景気下振れ圧力は小さい

(1)景気の下振れ圧力は小さい

 会議では、近年、共産党指導部が重要会議で提起することが多かった「経済下行圧力」(経済下振れ圧力)、「穏増長」(安定成長)という類の文言が見られませんでした。要するに、経済成長率が低迷するという近年の懸念が、2021年においては存在しないということです。

 最大の理由は言うまでもなく新型コロナです。これによって、2020年の経済成長率は明らかに鈍化し、その反動として、2021年度の成長率が跳ね上がるためです。2021年度の中国経済成長率に関して、IMF(国際通貨基金)は+8.2%、世界銀行は+7.9%と予測しています。

 私が中国共産党・政府で経済政策を担当する官僚や政府系学者と議論をする限り、+8%は固いというのが主流な見方のようです。
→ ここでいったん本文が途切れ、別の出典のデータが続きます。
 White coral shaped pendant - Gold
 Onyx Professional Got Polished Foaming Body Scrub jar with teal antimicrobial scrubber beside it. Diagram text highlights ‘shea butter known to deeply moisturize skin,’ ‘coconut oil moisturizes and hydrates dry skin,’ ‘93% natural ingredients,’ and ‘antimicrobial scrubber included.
と同時に、「2020年、2021年セットで+5%前後の成長率が見込めれば、中国経済のマクロ面は安定的に推移している」(国家発展改革委員会幹部)という認識のようです。

 私もこの見方が有益だと考えます。つまり、2020、2021年をセットで眺め、今年は下がった、来年は上がったと一喜一憂するのではなく、この2年間がトータルでどうだったかで、中国経済の良しあしを判断すること。

 そして、本当の勝負は2022年度。習近平共産党総書記が続投するのか否か、どんな「新人」が指導部入りするのかが明らかになる党の第20回大会が秋に開かれるこの年に、中国経済が引き続き「5%前後」の成長率を実現できるかということ、が重要だと考えます。

 私自身は、これから中国が直面していく「政治の季節」という要素を考慮したうえで(前々回レポート:「世界経済の勝者は誰か?最重要イベントをめぐる2021年の中国情勢10大予測」ご参照)、2020年から2022年の3年間を一つのまとまりとして捉えるようにしています。

 会議は、2020年の経済情勢の総括として、「我が国は、主要経済体のなかで唯一プラス成長を実現する国になった」と評価しています。コロナ抑制と経済再生の両立と共存を、ある程度うまく回せた、乗り切ったというのが党指導部の判断なのだと解釈できます。